America is a comparatively rich country and its consumers demand a huge variety of products that make large profits for today’s importers. But before the 1940s, the United States had a largely protectionist approach to foreign trade, meaning that the government enforced high tariffs and rigorous import restrictions to protect home market producers from overseas competition. In the 1960s, the United States experienced an erosion of its dominant position in world trade, and in most of the years after 1970; it has reported a negative trade balance (more imports than exports). During the past several years, the U.S. trade deficit reached an all-time high as economic crises in other countries caused exports of everything from soybeans to automobiles to decline. No other developed nation has had such a large difference between exports and imports. Canada, lapan, and the European Union have all experienced an export growth greater than import growth. Because of this imbalance, the United States is keenly interested in either expanding the export of American goods or controlling the import of foreign goods.

Today, protectionism is not as popular as a free trade approach, whose proponents favor open markets and economic interdependence.
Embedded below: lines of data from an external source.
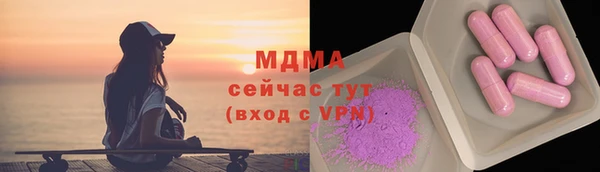 мефедрон VHQ Белокуриха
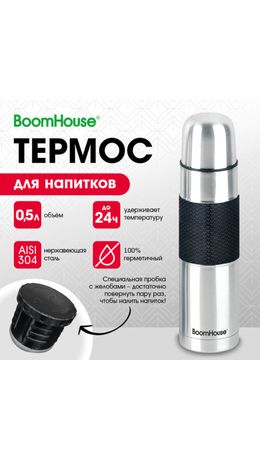 Термос 0,5 л, BOOMHOUSE (БУМХАУС) CLASSIC, нержавеющая сталь SUS304, черный силиконовый рукав, крышка/кружка, 700307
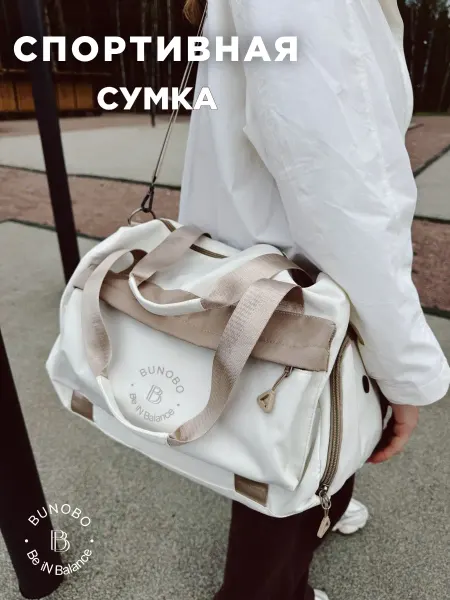 BUNOBO Сумка спортивная дорожная для фитнеса и тренировок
In a move toward more free trade, President Clinton signed two agreements in 1993. The North American Free Trade Agreement (NAFTA) is a pact between the United States, Canada, and Mexico. Some of its provisions include the elimination of all tariffs over the next 15 years on goods produced and sold in North America, the barring of governments from imposing special requirements on foreign investors, and the lifting of certain restrictions on services, such as banking, telecommunications, and transportation. The second pact, the General Agreement on Tariffs and Trade (GATT), was approved by the U.S. Congress and the governments of 116 other participants. It reduces international trade barriers, including tariffs, import quotas, and export subsidies. NAFTA and a proposed FTAA (Free Trade Area of the Americas) agreement have come under fire from protesters, including labor, small farmers, and environmental concerns. They say the agreements allow large corporations to bypass environmental and worker protection laws and take business and jobs from average workers to concentrate power in the hands of a few corporate giants. Many countries fear that economic globalization will cause them to lose their economic independence as well as their social and cultural identities. In addition, the increasingly rapid loss of American jobs to other countries has raised additional concerns about free trade.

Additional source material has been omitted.